Sigh that is the problem. These non adoptees don't stop to think about what they have and what we are missing. They don't value the primal relationship.

I told her that, now that I face my loss, I function better. Because it is no longer all balled up inside me, as Joe Soll talks about. Like it is for my brother. Fellow adoptee. She agreed with me that I was healthier. But a few moments before she had said that I seemed so sad all the time. It was mind whirling. How she doesn't seem to understand people. I told her how happy I actually was because no more self-blame and it was not me but my upbringing.. She nodded.

Am sick of explaining. She did tear up when she left, grateful for my opening up and honesty because now we are bonding. Somewhat. My father was soo needy I felt I should help him so I took him out in the wheelchair. He shrieked when I did one wrong thing with the brakes, and I quieted him like he was a baby. It was distressing for me to see him this way. He was always like this though. I cried a bit, not caring who saw. I felt genuine pity for him. This was what empathy was like, for me to see someone who lived in complete pain all the time. It was heavy to watch, and I felt good realizing I did not have to fix him only he can do that. Even though he expects everyone to. I thought of how childhood trauma causes people to regress and keep being needy for a "mother rescuer." Like he unconsciously did. I saw it straight out, and it looked so pathetic and tragic how he did not feel control in life ever. And he creeped me out by telling me in a delusion that my mother had remarried him, and that he was happy here. I doubted both. I will ask her if it was true.

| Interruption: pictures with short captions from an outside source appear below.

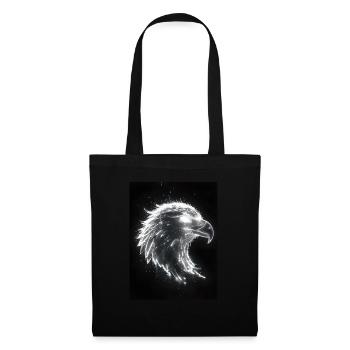 Adler Silhouette Licht Geschenk - Stoffbeutel - Schwarz - Vorne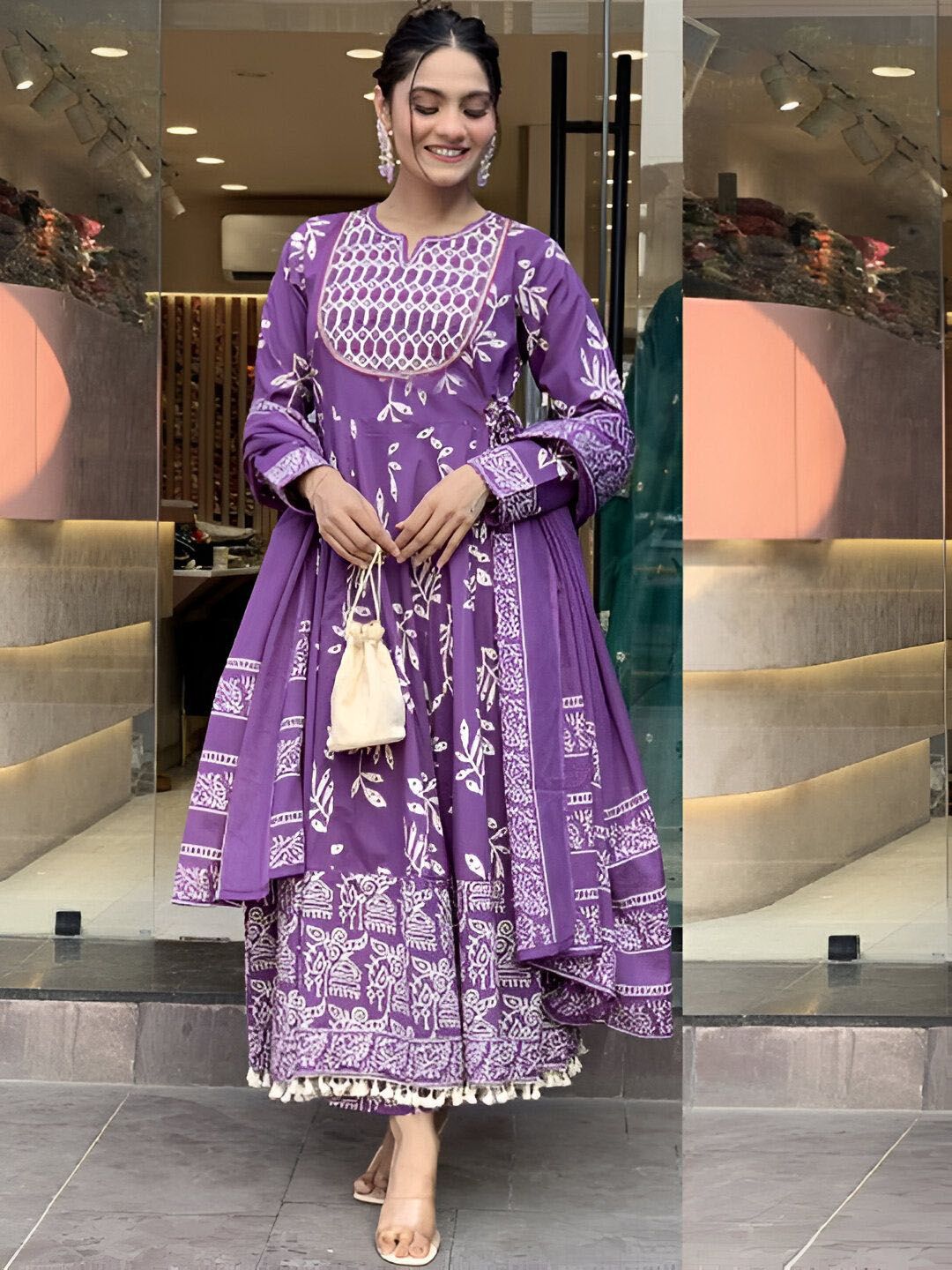 ANVERI TEXTILES Floral Embroidered Notch Neck Kurta Sequinned Kurta Trousers & Dupatta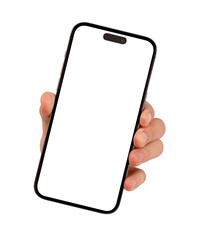 Hand showing smartphone with blank screen isolated.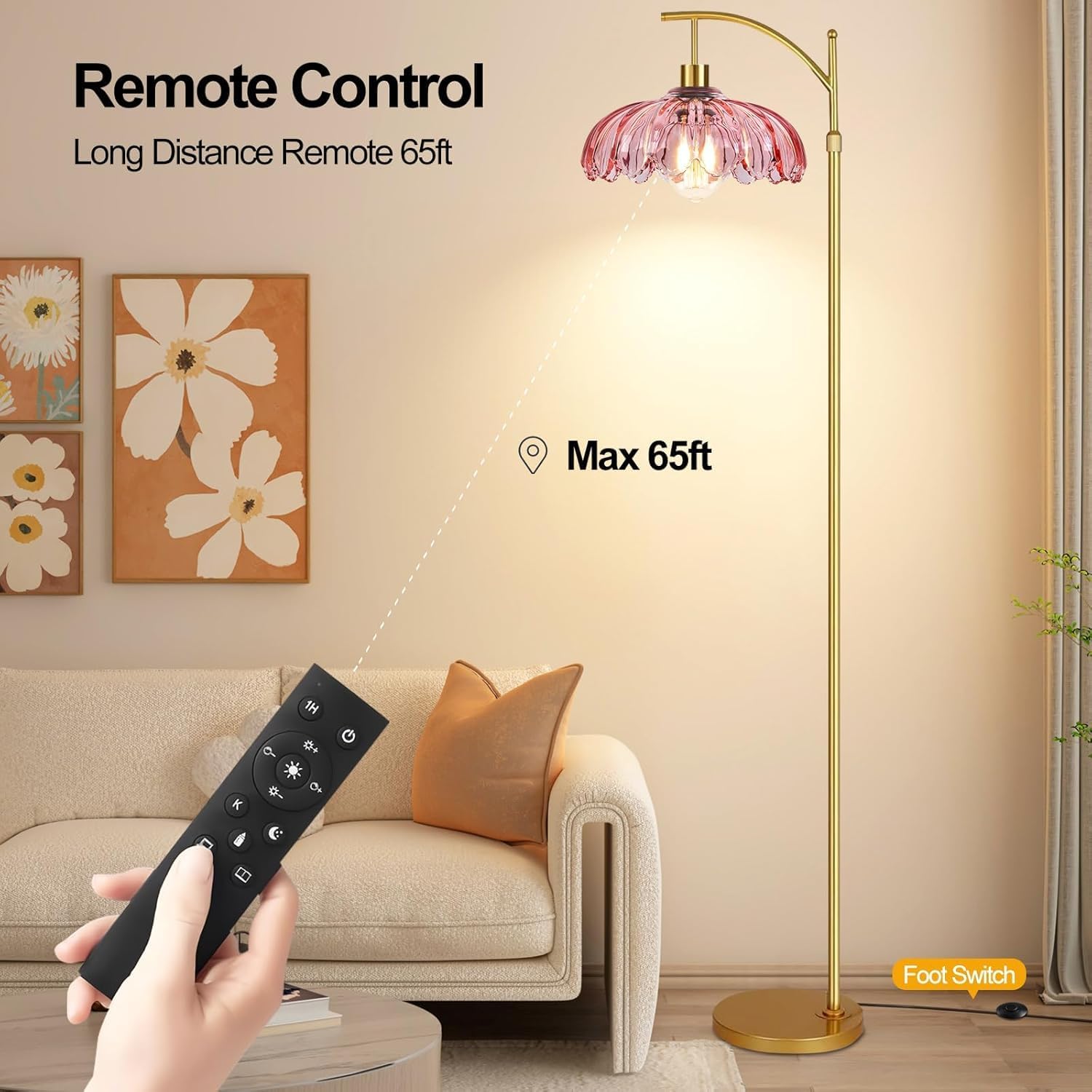 GoFurnitureHub Gold Arc Floor Lamp with Pink Glass Shade – Dimmable Mid-Century Modern Standing Lamp with Remote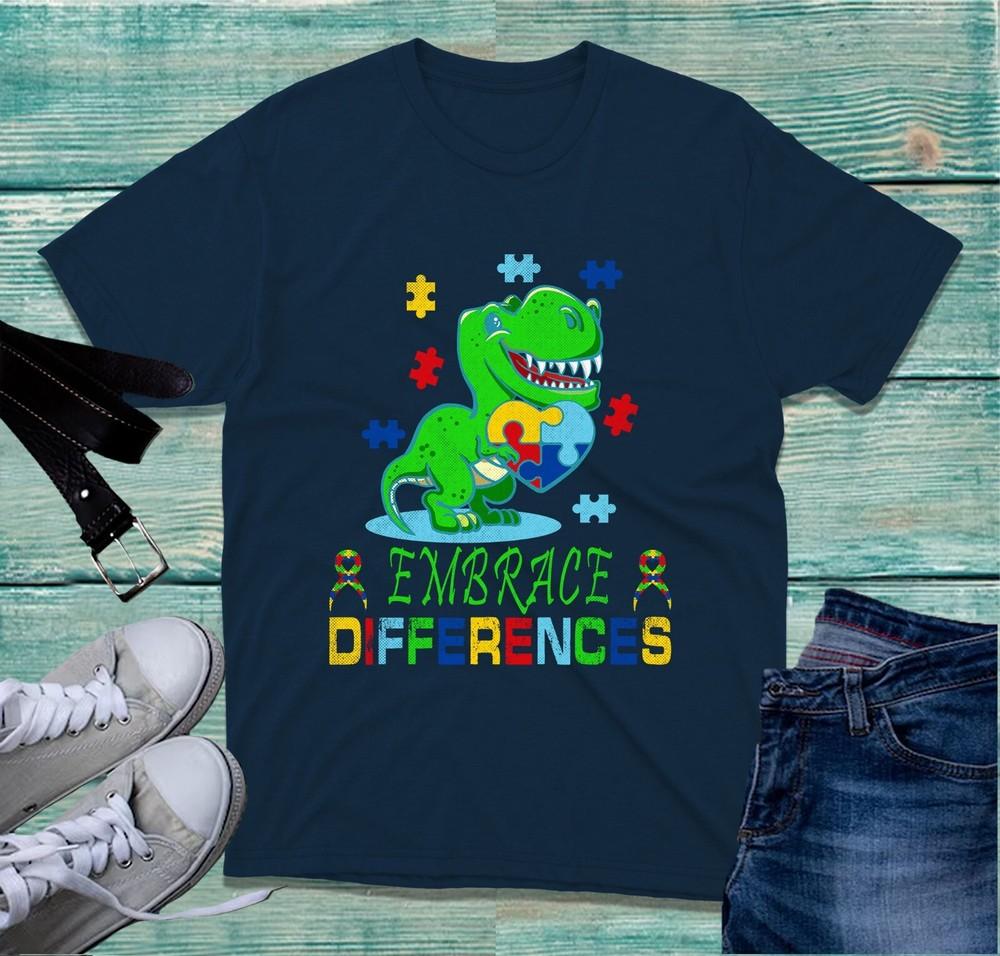 Embrace Differences TShirt Dinosaur Puzzle Dino Disability Autism Awareness Top S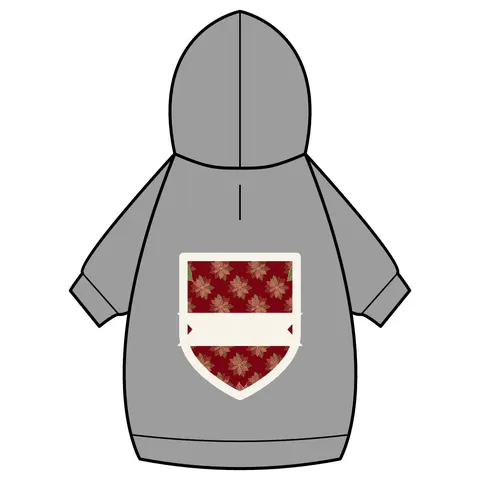 Holiday Poinsettia & Gold Leaves Pet Hoodie — back_dtf view
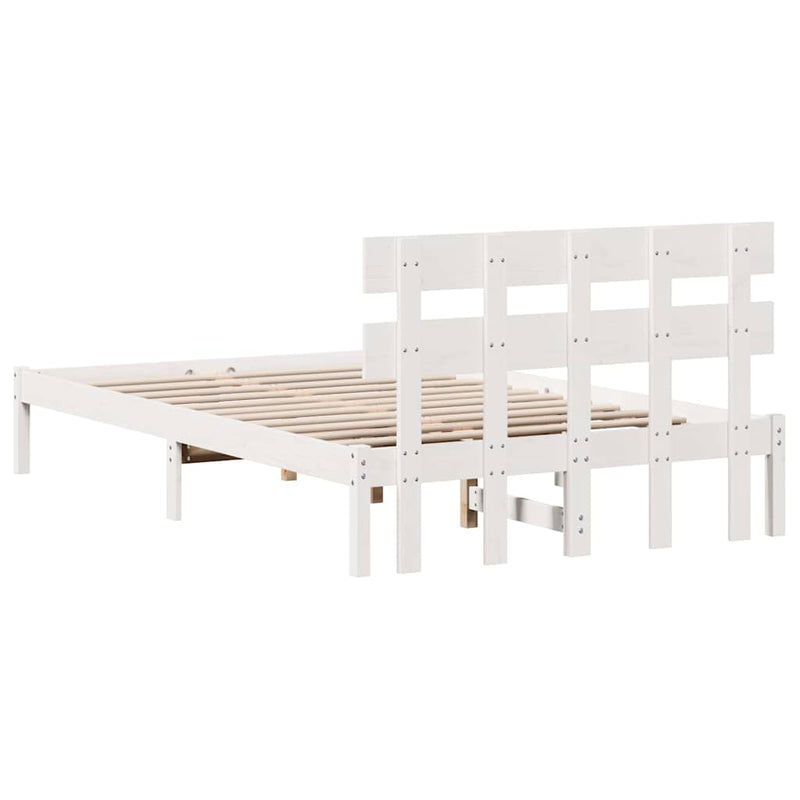 Cadru de pat cu headboard Alb 135 x 190 cm Lemn masiv de pin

I left sadly and in pain, but I was not aware of it because my defense mechanism of the past-seeing the good only- was on full force. But I was seeing how lonely the world is. How ironic that the adoptee, abandoned at birth left to survive with their own grief, gets to be responsible for their happiness and life, while the ones who had parents all along were so stuck in helplessness. I do finally feel like it's my mission to change things and spread my knowledge.